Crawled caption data
"""

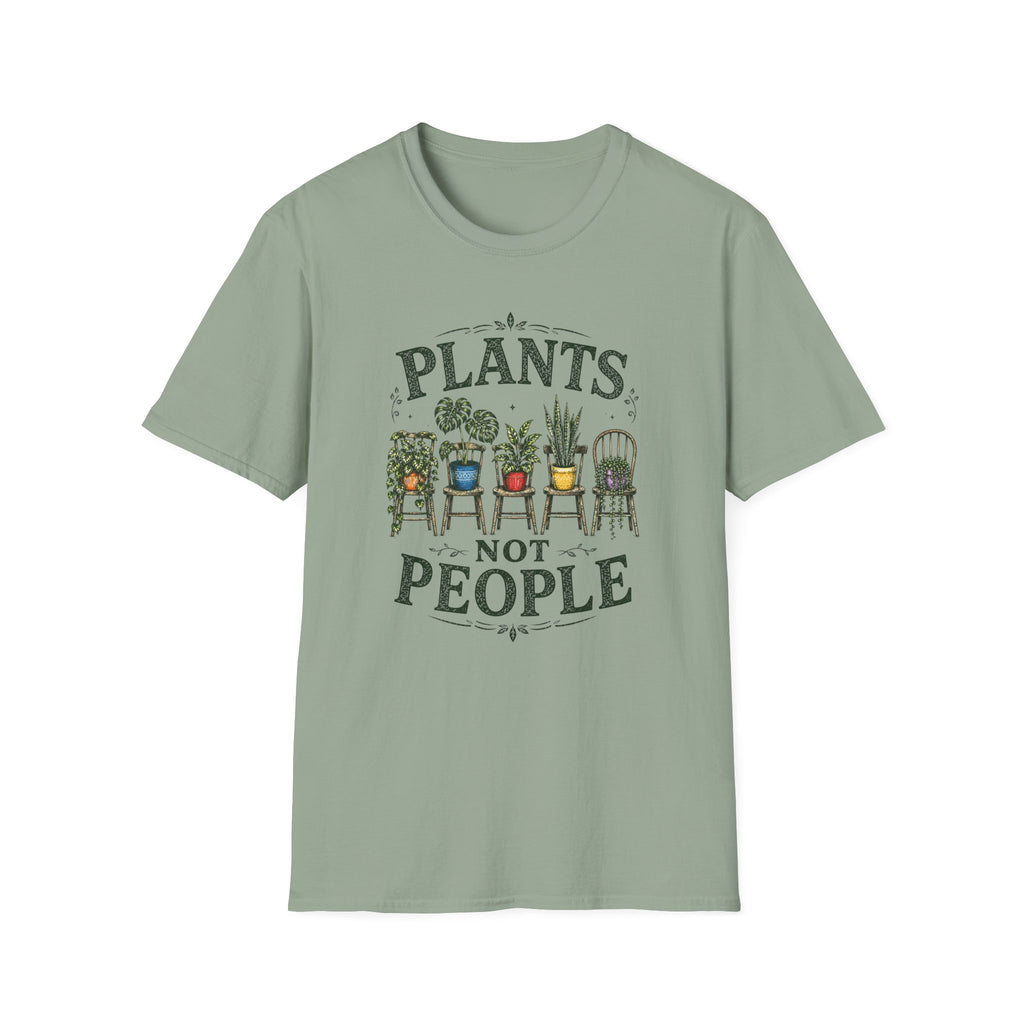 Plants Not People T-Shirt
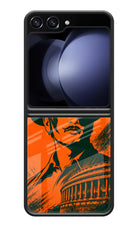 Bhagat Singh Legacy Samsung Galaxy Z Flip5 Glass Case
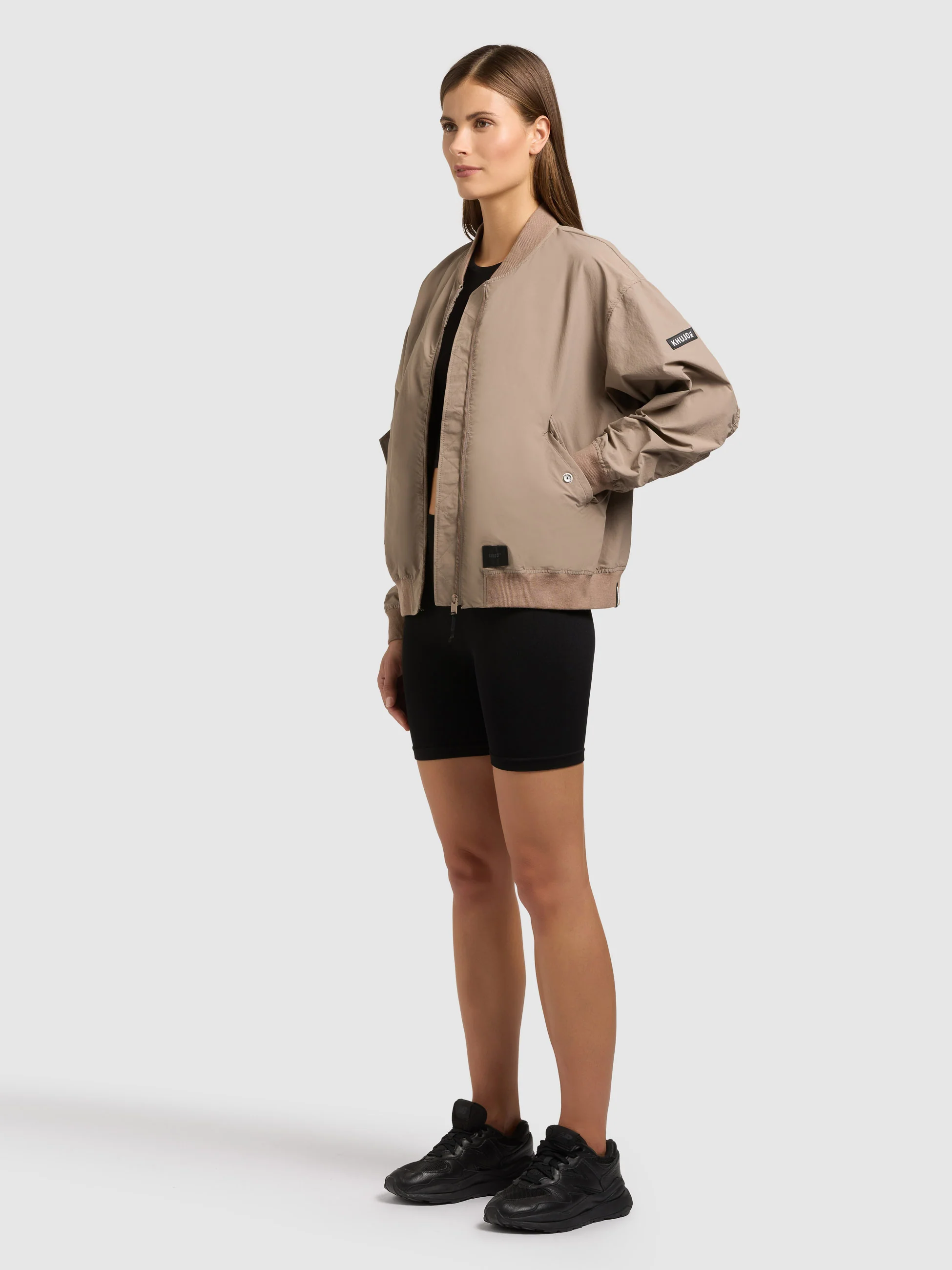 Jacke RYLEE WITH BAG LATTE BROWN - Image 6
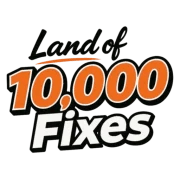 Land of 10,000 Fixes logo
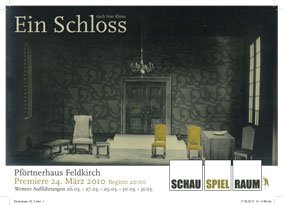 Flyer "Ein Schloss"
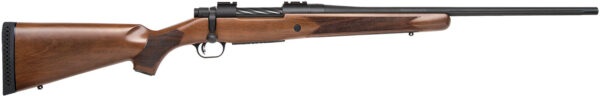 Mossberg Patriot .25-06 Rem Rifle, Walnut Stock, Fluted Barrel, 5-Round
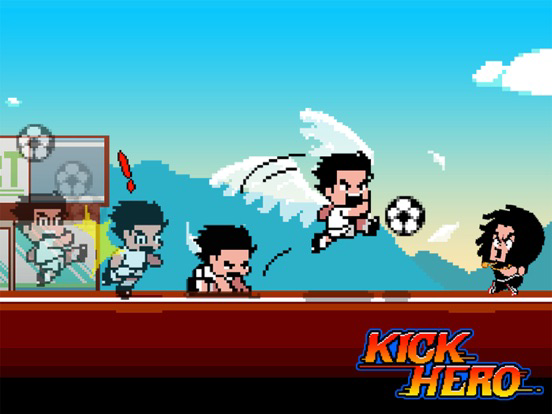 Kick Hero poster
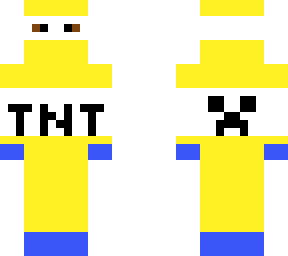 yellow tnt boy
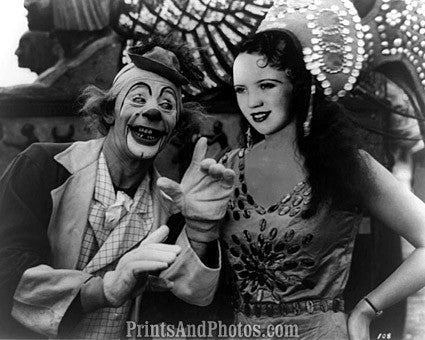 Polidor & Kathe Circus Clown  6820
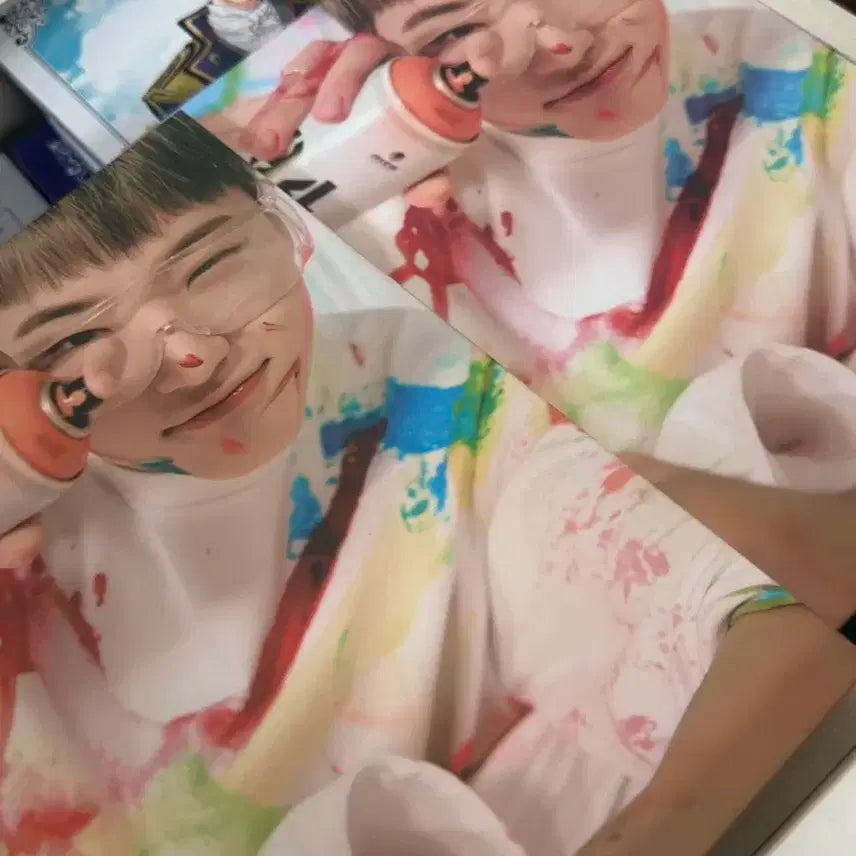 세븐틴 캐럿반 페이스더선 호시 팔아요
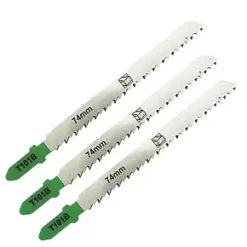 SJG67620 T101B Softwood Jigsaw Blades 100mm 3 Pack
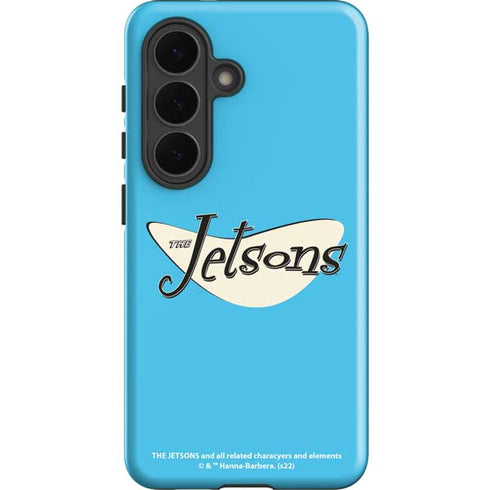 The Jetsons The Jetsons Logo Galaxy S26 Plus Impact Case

"""

Could the data above be repeated exactly, with every picture dropped?

 Plants Not People T-Shirt
 Bhagat Singh Legacy Samsung Galaxy Z Flip5 Glass Case
 Jacke RYLEE WITH BAG LATTE BROWN - Image 6
 Land of 10,000 Fixes logo
 Flyer "Ein Schloss"
 Mossberg Patriot .25-06 Rem Rifle, Walnut Stock, Fluted Barrel, 5-Round
 Kick Hero poster
 yellow tnt boy
 Polidor & Kathe Circus Clown  6820
 세븐틴 캐럿반 페이스더선 호시 팔아요
 SJG67620 T101B Softwood Jigsaw Blades 100mm 3 Pack
 The Jetsons The Jetsons Logo Galaxy S26 Plus Impact Case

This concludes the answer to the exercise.